The paradigmatic illustration is the surgeon who pauses mid-procedure because something in her hands says that this tissue is not what it should be. She has no words for what she has detected. If pressed, she might say 'it didn't feel right' — four words that carry, compressed, thousands of hours of practice. Her body knows something her mind has not yet formulated, and the body's knowledge, in this moment, is more reliable than any imaging system.
The neural substrate involves the integration of cognitive processing with somatic markers — the visceral signals Damasio identified as the body's contribution to decision-making. Cortical, limbic, and interoceptive systems operate as a unit, producing a state that is at once a thought and a feeling, a judgment and a sensation.
This has consequences for what AI can and cannot amplify. The senior engineer from Trivandrum whom Segal describes — whose twenty percent of remaining work turned out to be the part that mattered — possessed embodied knowledge of this kind. His architectural instinct was not a set of rules he could articulate. It was a set of responses he could feel, built through years of practice, consolidated through default mode processing, integrated into an understanding that operated below explicit consciousness but above the threshold of reliability.
AI does not have a body — and this is not an incidental observation.

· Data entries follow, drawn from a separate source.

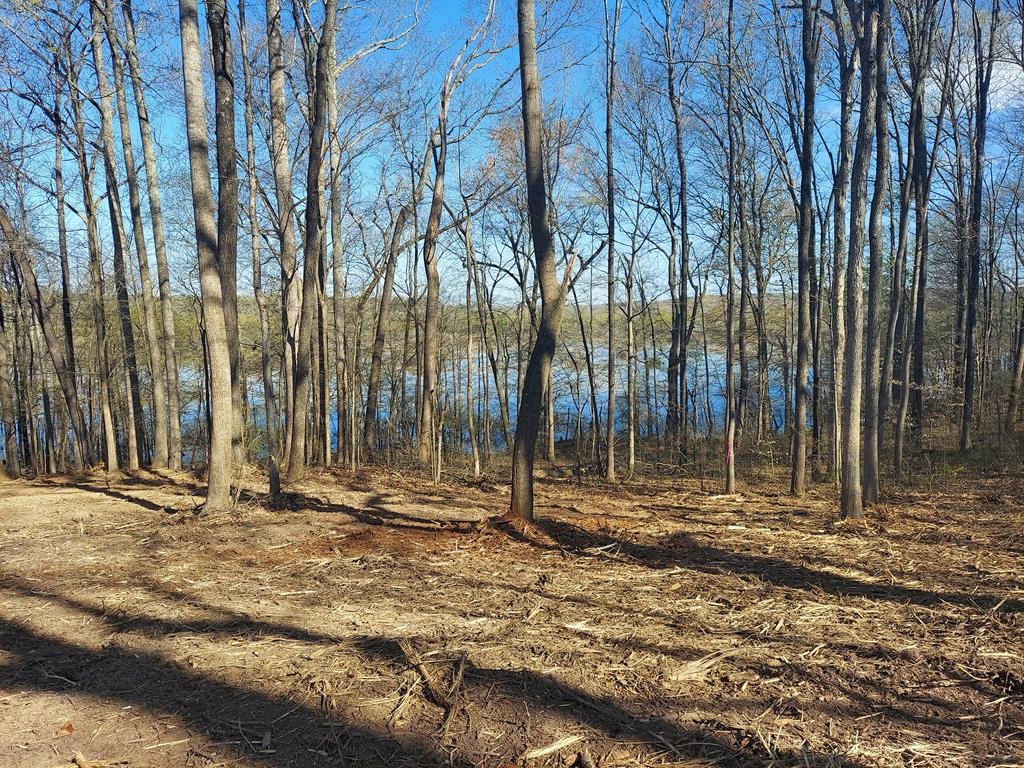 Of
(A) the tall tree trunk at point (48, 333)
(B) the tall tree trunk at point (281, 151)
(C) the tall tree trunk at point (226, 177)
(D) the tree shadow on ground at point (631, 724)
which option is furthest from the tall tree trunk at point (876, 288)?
(A) the tall tree trunk at point (48, 333)

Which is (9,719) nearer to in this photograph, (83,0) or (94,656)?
(94,656)

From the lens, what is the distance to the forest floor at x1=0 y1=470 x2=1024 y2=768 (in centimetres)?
286

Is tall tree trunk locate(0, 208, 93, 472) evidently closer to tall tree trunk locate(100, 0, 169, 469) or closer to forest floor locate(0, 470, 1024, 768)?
tall tree trunk locate(100, 0, 169, 469)

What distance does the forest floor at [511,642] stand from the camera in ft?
9.37

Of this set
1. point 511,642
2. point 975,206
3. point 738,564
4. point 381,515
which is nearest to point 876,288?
point 738,564

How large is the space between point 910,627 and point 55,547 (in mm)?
7324

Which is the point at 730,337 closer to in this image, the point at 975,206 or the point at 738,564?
the point at 738,564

A 2025 paper in AI & Society argued that large language models lack being-in-the-world, which makes it impossible for them to represent the world in a practically sensible way. The representations are accurate; they lack the felt dimension that gives human understanding its functional depth.
The concept emerged from Immordino-Yang's synthesis of Damasio's somatic marker hypothesis with research on expertise and embodied cognition. Its operational force is diagnostic: it names what AI systems structurally cannot have and what frictionless interaction atrophies in humans.
Feeling and thinking are not sequential. In emotional thought they are simultaneous aspects of a single neural event.
The body is part of the cognition. Visceral signals, somatic markers, and interoceptive processing are constitutive, not adjunctive.
Embodied knowledge is deposited, not transferred. Each hour of emotionally engaged practice deposits a layer; the layers accumulate into reliable judgment.
AI can amplify but not produce it. The tool extends reach; it does not replace the somatic history that makes understanding felt.
The feeling of knowing is the signal worth amplifying. It distinguishes competent output from work that carries the quality of having been earned.